* [EXERCISE GOAL]: Down to the last line, restate the records word for word, but not the pictures.

==== DATA LISTING ====

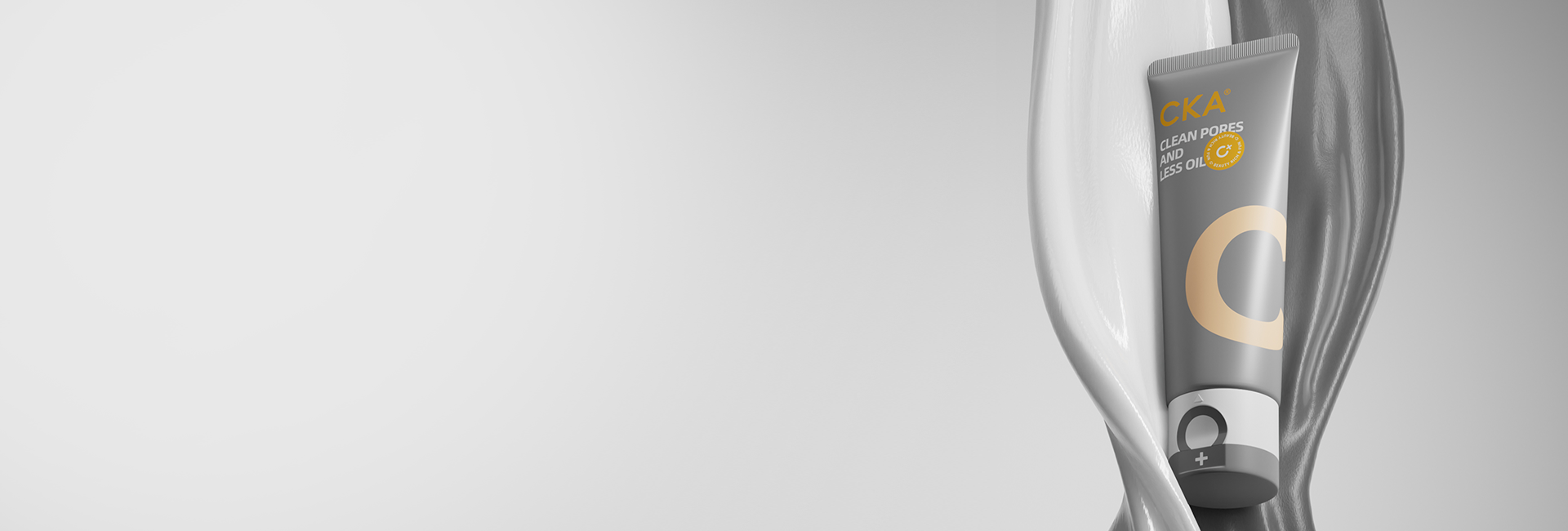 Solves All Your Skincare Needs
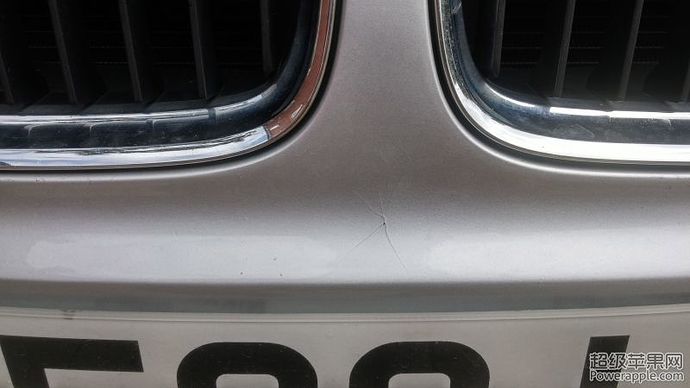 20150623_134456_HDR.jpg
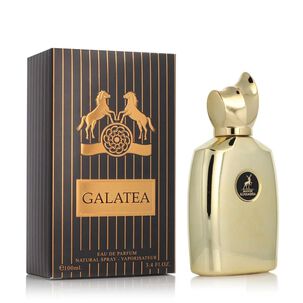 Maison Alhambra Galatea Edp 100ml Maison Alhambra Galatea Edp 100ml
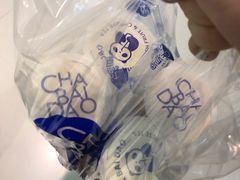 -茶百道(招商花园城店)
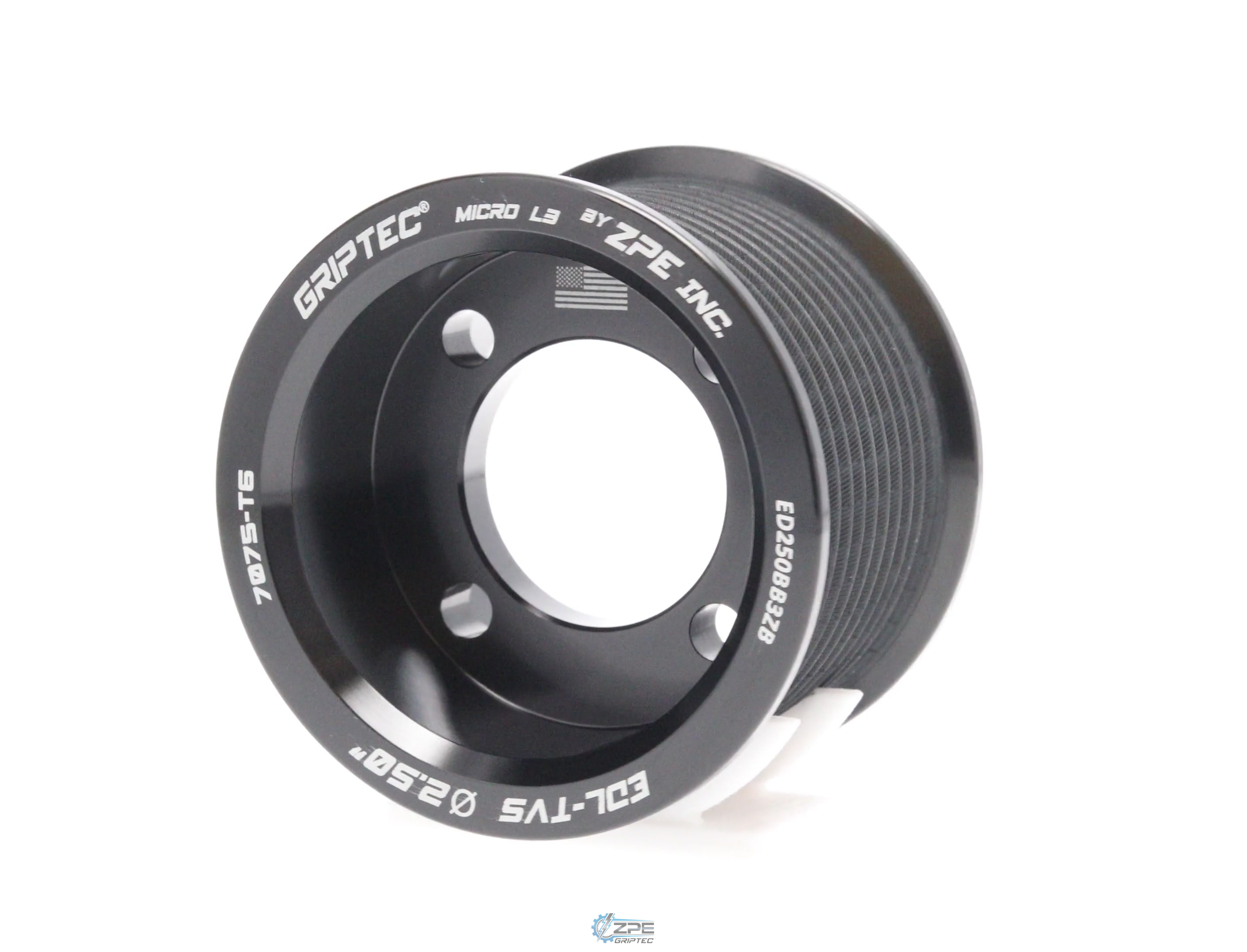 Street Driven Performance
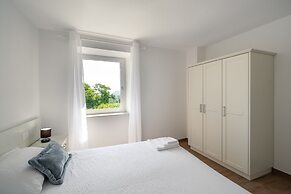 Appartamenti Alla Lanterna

====

* [RESULT FOR THIS TASK]:
 Solves All Your Skincare Needs
 20150623_134456_HDR.jpg
 Maison Alhambra Galatea Edp 100ml Maison Alhambra Galatea Edp 100ml
 -茶百道(招商花园城店)
 Street Driven Performance
 Appartamenti Alla Lanterna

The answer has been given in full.